What this task involves:
Transcribe, with complete accuracy, all of the entries below except for the pictures.

Dataset records:
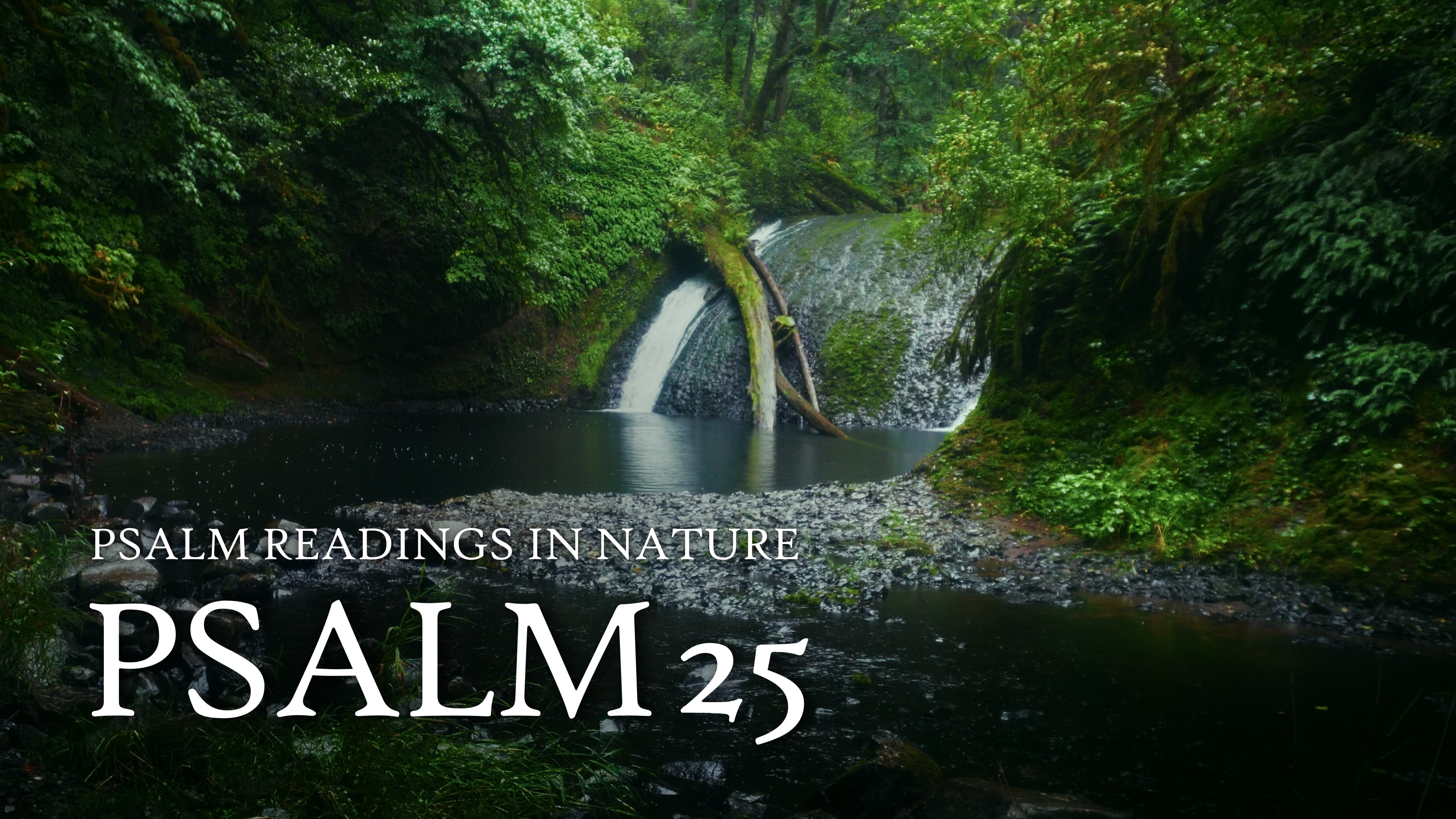 Psalm 25 | "Yea, let none that wait on thee be ashamed"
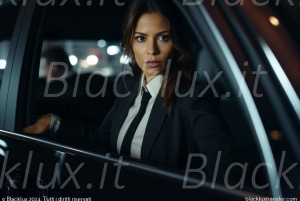 ZURICH: ZURICH VAN/NAAR LUCHTHAVEN MILANO MALPENSA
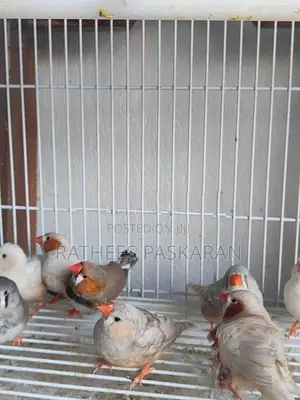 Finch Bird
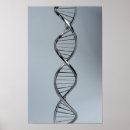 Suche nach dna poster Biologie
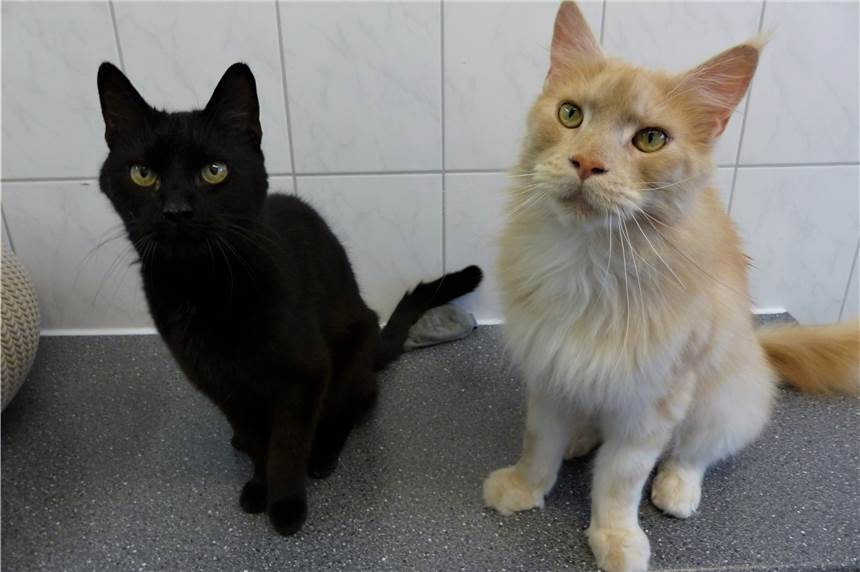 „Zwei besonders gute Freunde“: Kater suchen ein gemeinsames Zuhause Die beiden Kater Bob & Smokey suchen zusammen ein neues Zuhause.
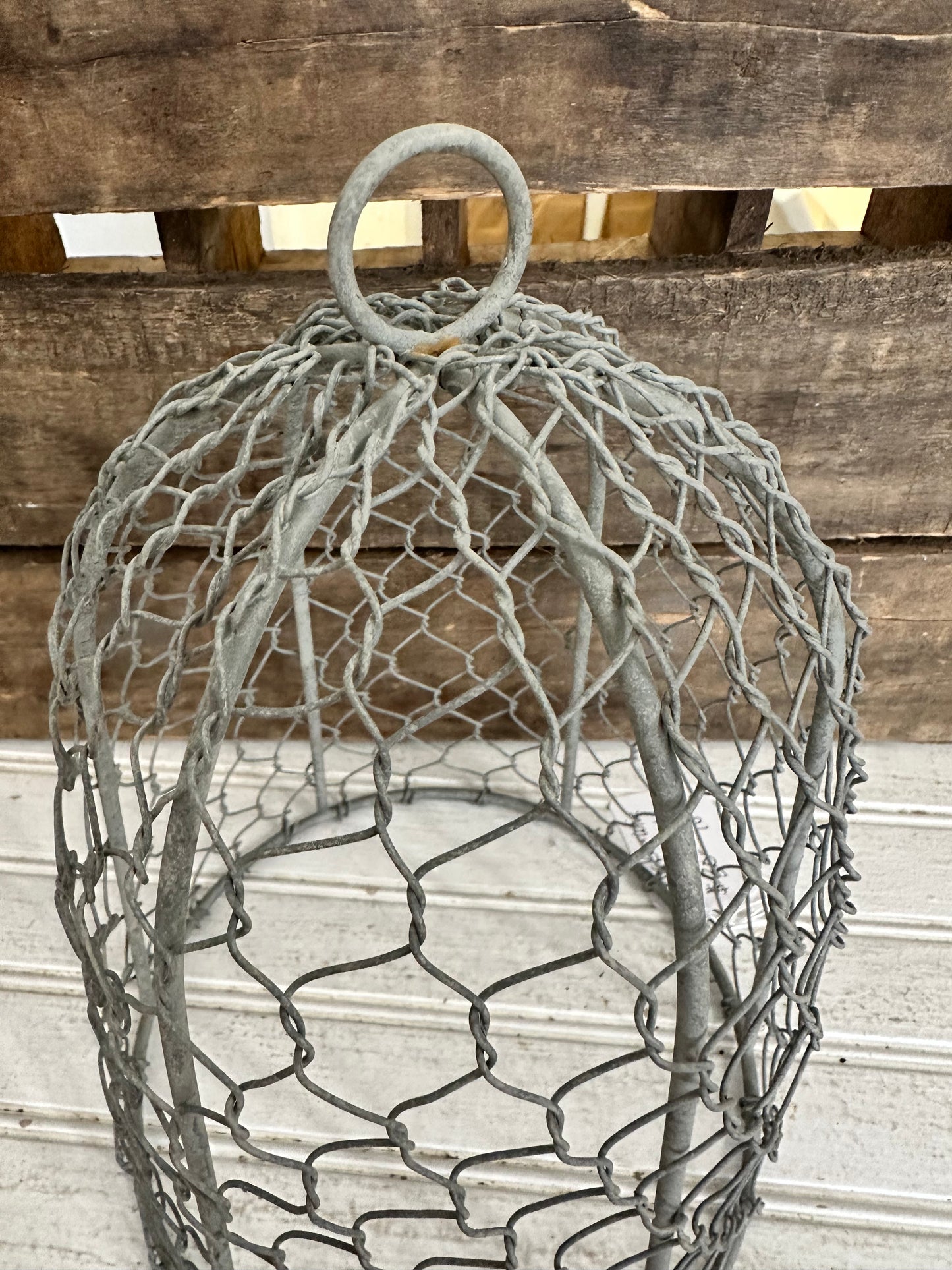 Chicken Wire Cloche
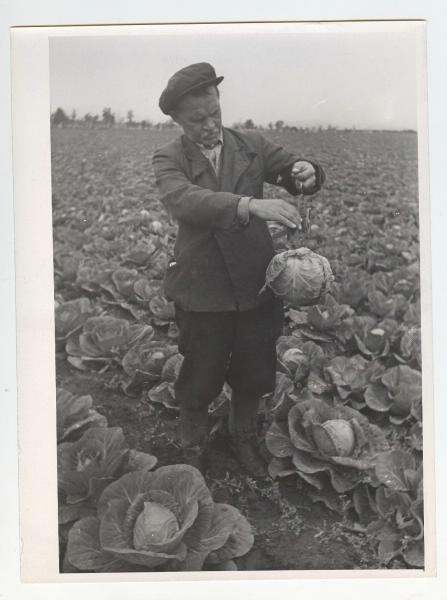 Замер урожая капусты, 1960-е. Выставка «Новый урожай» с этой фотографией.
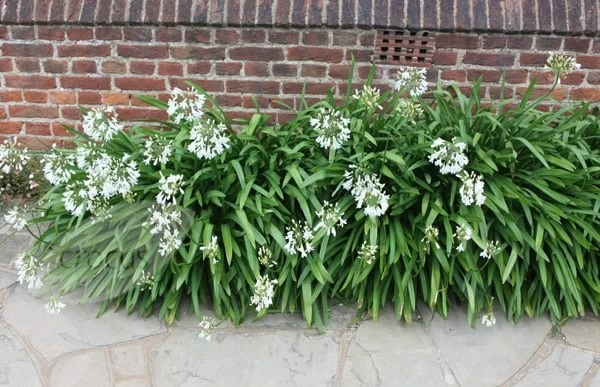 Agapanthus Africanus 'Albus' 4 Agapanthus Africanus 'Albus' - Image 2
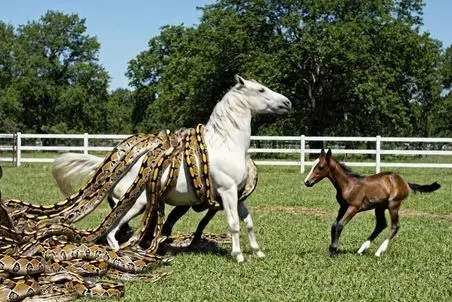 حیات وحش مصنوعی؛ اسب شجاع برای نجات مادرش سفیدش از چنگ انبوه مارها کمک آورد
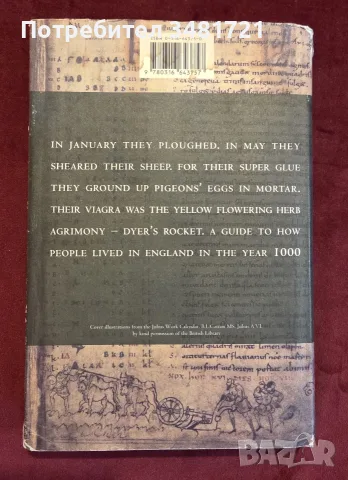 The Year 1000. What Life Was Like at the Turn of the First Millennium, снимка 4 - История, политика и общество - 55362408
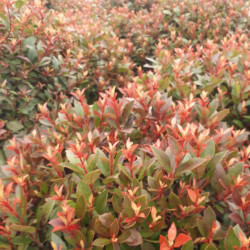 Photinia × fraseri 'Chico' ® - 'BR2011'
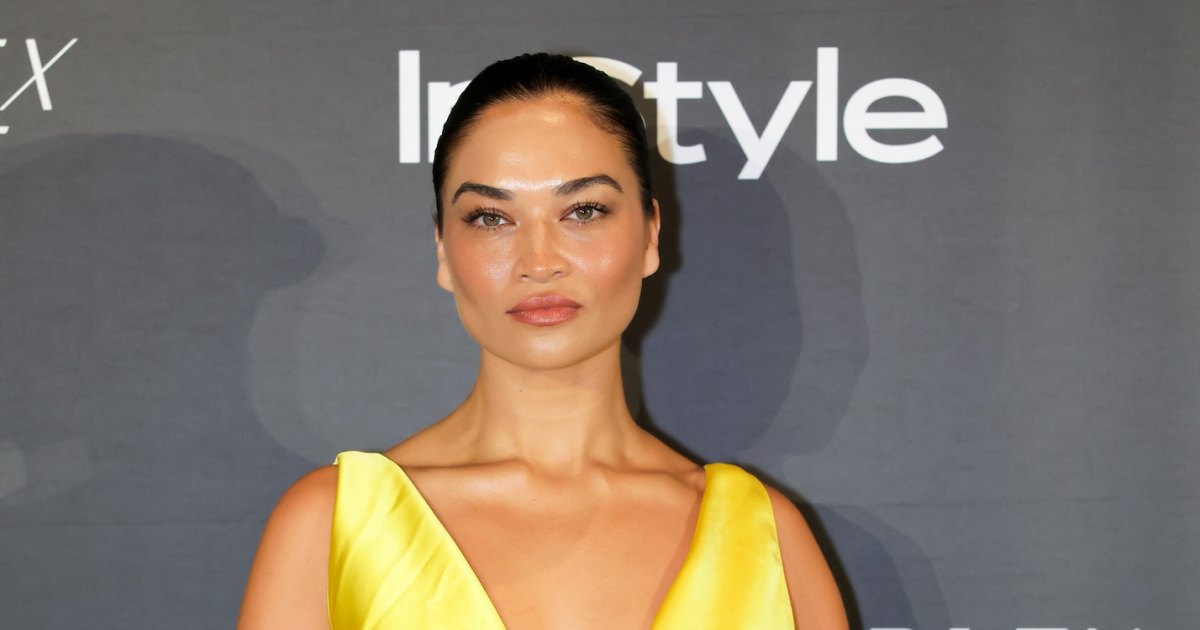 Supermodel Shanina Shaik Is Pregnant With Baby No. 2: A New Chapter Supermodel Shanina Shaik Is Pregnant With Baby No. 2: A New Chapter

Your solution:
 Psalm 25 | "Yea, let none that wait on thee be ashamed"
 ZURICH: ZURICH VAN/NAAR LUCHTHAVEN MILANO MALPENSA
 Finch Bird
 Suche nach dna poster Biologie
 „Zwei besonders gute Freunde“: Kater suchen ein gemeinsames Zuhause Die beiden Kater Bob & Smokey suchen zusammen ein neues Zuhause.
 Chicken Wire Cloche
 Замер урожая капусты, 1960-е. Выставка «Новый урожай» с этой фотографией.
 Agapanthus Africanus 'Albus' 4 Agapanthus Africanus 'Albus' - Image 2
 حیات وحش مصنوعی؛ اسب شجاع برای نجات مادرش سفیدش از چنگ انبوه مارها کمک آورد
 The Year 1000. What Life Was Like at the Turn of the First Millennium, снимка 4 - История, политика и общество - 55362408
 Photinia × fraseri 'Chico' ® - 'BR2011'
 Supermodel Shanina Shaik Is Pregnant With Baby No. 2: A New Chapter Supermodel Shanina Shaik Is Pregnant With Baby No. 2: A New Chapter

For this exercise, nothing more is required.